Australia’s Slippery Slope to Negative Rates & QE

Last week we saw the lowest unemployment print since December 2008 at just 4.6%.  However it only snicked the beginning of the full NSW lockdowns and some of the Victorian.  And so any view that somehow everything is awesome now needs some newer context.  From Indeed:

“Sarah Hunter, from BIS Oxford Economics, said the July figures were a portent of a big rise in unemployment to come in next month's data, especially in Sydney.

"In a sign of what's to come in the August data, employment in NSW fell by 36,000, the underemployment rate spiked to 9.3 per cent and the participation rate also fell 1 percentage point to 64.9 per cent," she observed.

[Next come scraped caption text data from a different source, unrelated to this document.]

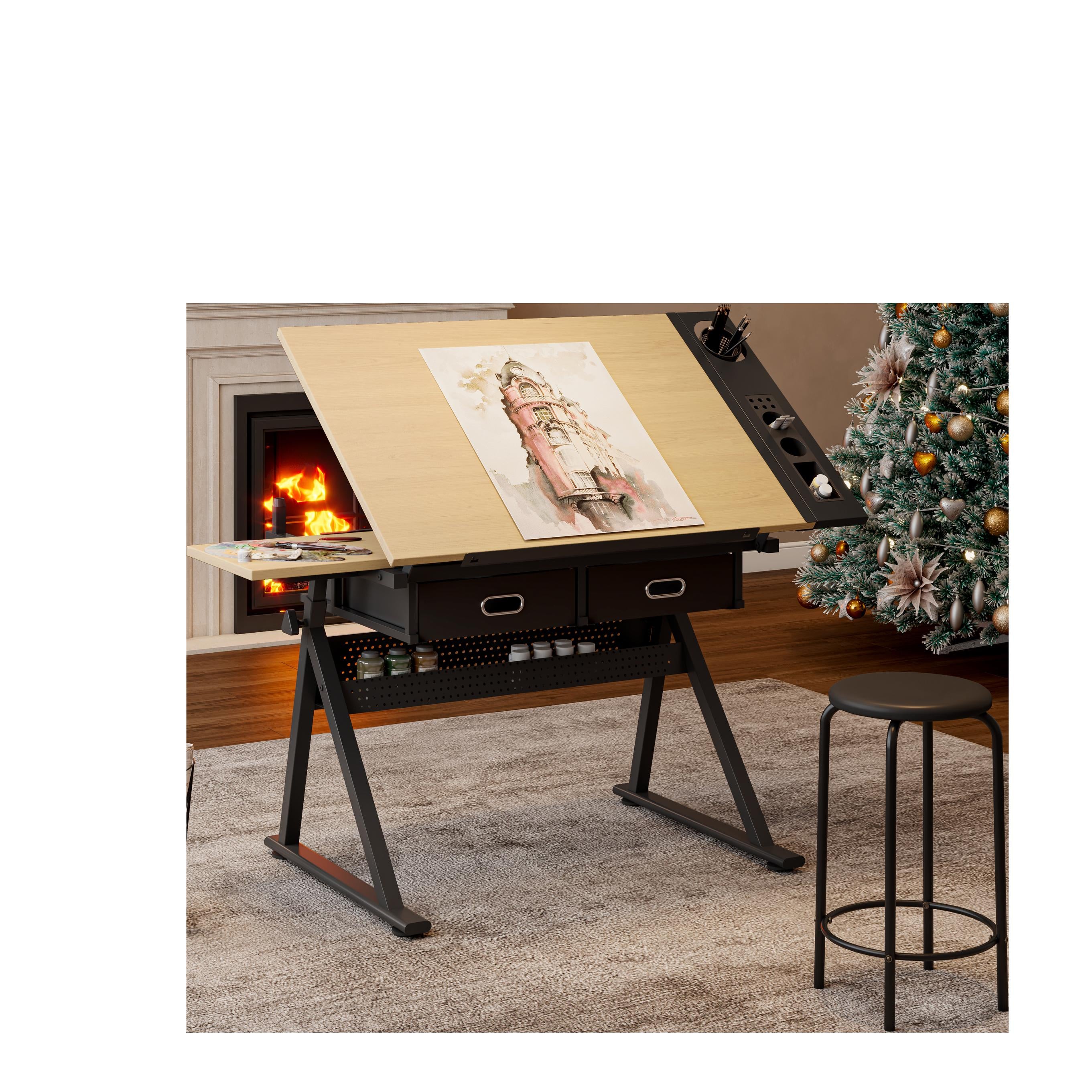 Adjustable Drafting Table Desk with Tilt Top, 2 Large Fabric Drawers, Drawing Desk with Side Pen Storage, 38.5" L x 23.5" W x 27" - 36" H, Maple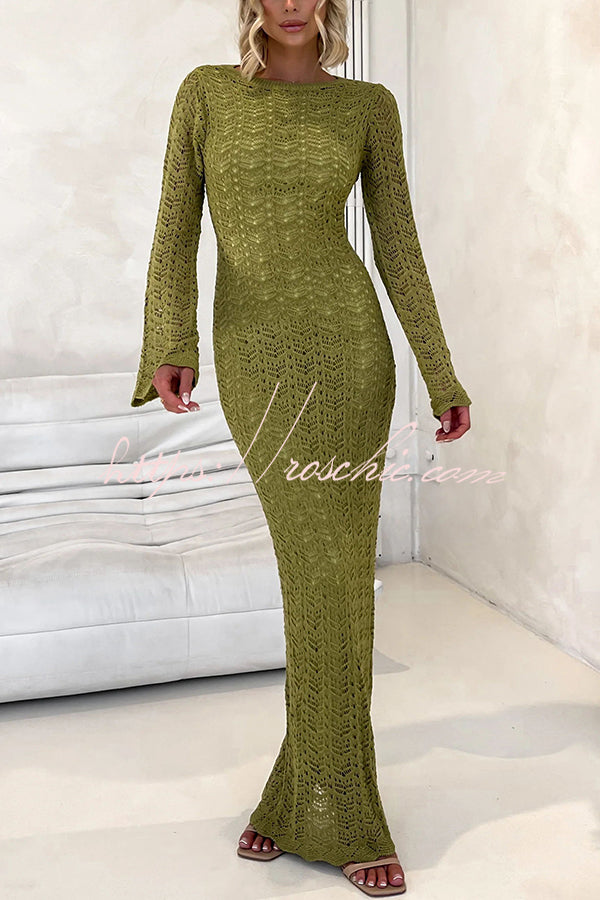 Avie Knit Textured Fabric Backless Tie-up Long Sleeve Stretch Maxi Dress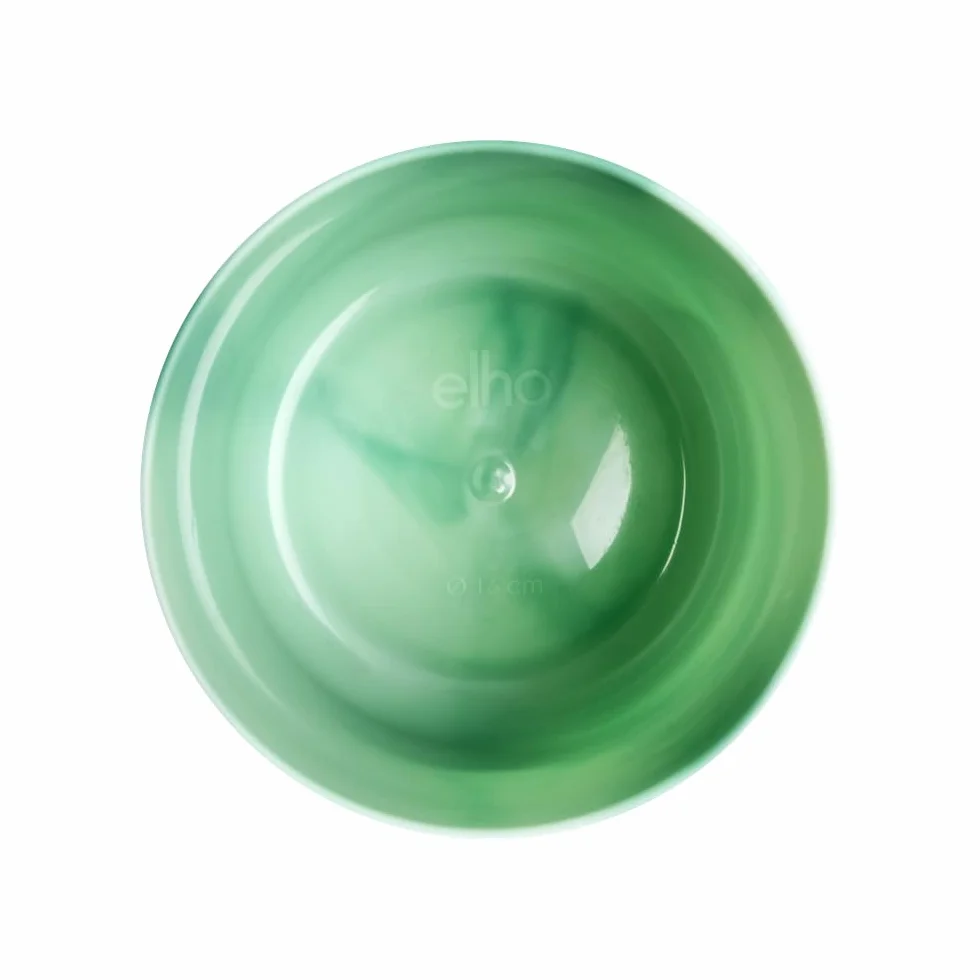 elho The Ocean Collection okrągła 18 cm – doniczka na kwiaty do wewnątrz, w 100% z recyklingu, wykonana z odpadów morskich, zielona/zieleń Pacyfiku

"The structure of the COVID disaster payments means that all of these trends will be even more pronounced in the August data; anyone claiming the payment who has not worked at all will be counted as unemployed (and likely not in the labour force, as they will not be actively looking for work), while workers who have had their hours cut will be classed as underemployed."”

Additionally last week we saw the latest Average Weekly Earnings figures from ABS and they printed a weak 1.4% annualised growth. 

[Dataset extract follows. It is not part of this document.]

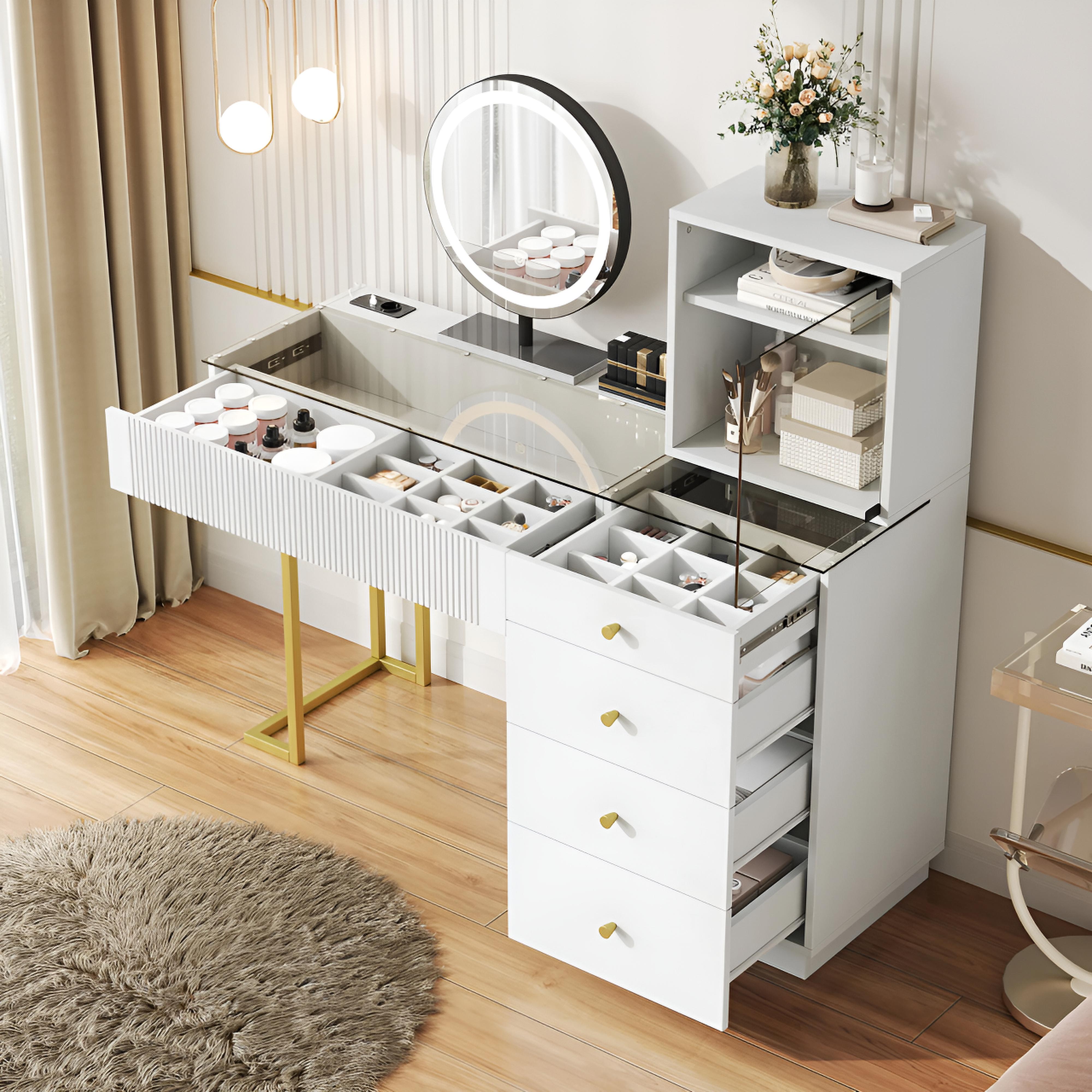 Coiffeuse avec Miroir LED et Plateau en Verre | 5 Tiroirs + Placard – AUREA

The combination of these 2 most recent barometers of the economy confirm that Australia is not fairing as well as many thought.  Last week the ASX gave up over 2.2%, its worst weekly fall this year in a sign that maybe the penny has dropped.  Coincidentally the last few weeks of trade at Ainslie have picked up dramatically.  The TINA trade (There Is No Alternative) of buying shares has reached its logical limit and buying its anti correlated asset, precious metals, is making more sense.  Particularly, say, if the RBA starting loosening not tightening… OR… if it tightened into weakness and crashed the whole show… (as is the US’s equivalent, the Fed maybe this week).

So where to from here?  Macro Business’s funds’ Chief Strategist David Llewellyn-Smith penned the following article last week suggesting the only way from here is more QE or negative interest rates for Australia.  Imagine the market reaction when that happens!

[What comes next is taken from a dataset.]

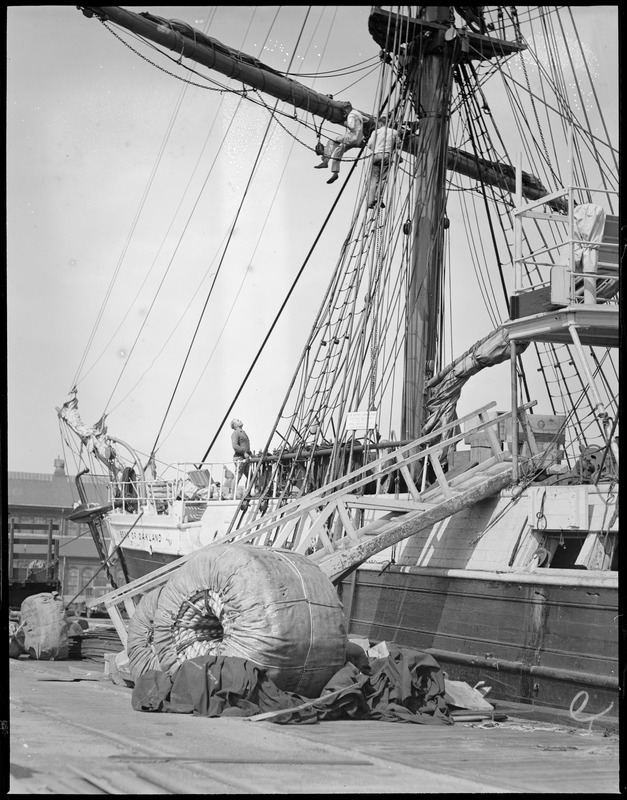 Crew prepares Commander Byrd's Bear of Oakland for sailing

“RBA will need to go negative

The Australian economy is a simple machine that runs on two motors. The two engines are commodities and household debt. We might call these miners and banks. Or, iron ore and house prices.

The machine is fuelled by commodity income derived offshore. This is then leveraged up in global markets via bank borrowing. The debt is channelled into rising house prices that drive consumption.

At least, that’s how it used to work. Since the pandemic began, the machine has instead leveraged commodity income via bank borrowing from the Reserve Bank of Australia

Like a twin-engine aircraft, the Australian economy can soar when both of its engines roar in unison. The last year is an example.

It can also hold its altitude on only one engine. Like the post-GFC period when mining boomed and house prices fell. Or, the reverse, during the mining bust of 2015 when house prices launched.

But when both engines fail, a crash is imminent. This is where the Australian economy finds itself today.

The first jet to flame out is households. Delta lockdowns have hammered confidence and spending. Business is slowing fast and future investment plans are being shelved.

Trading, profitability and employment are all on a downward trajectory. Picture: SuppliedSource:Supplied

The lockdowns are likely to run until November, and even afterward there will be serious interstate restrictions, meaning no rebound of substance is possible.

The second jet to flame out is our huge commodity price gains. China launched out of the Covid-19 lockdowns with huge commodity demand but is now slowing very fast. Iron ore is tumbling and coal is next:

The outlook for commodity prices looks bleak.

As our two economic motors sputter, unemployment will begin to rise, wages will weaken and inflation will disappear.

How can Australia react?

Policymakers have two throttles to toggle in response.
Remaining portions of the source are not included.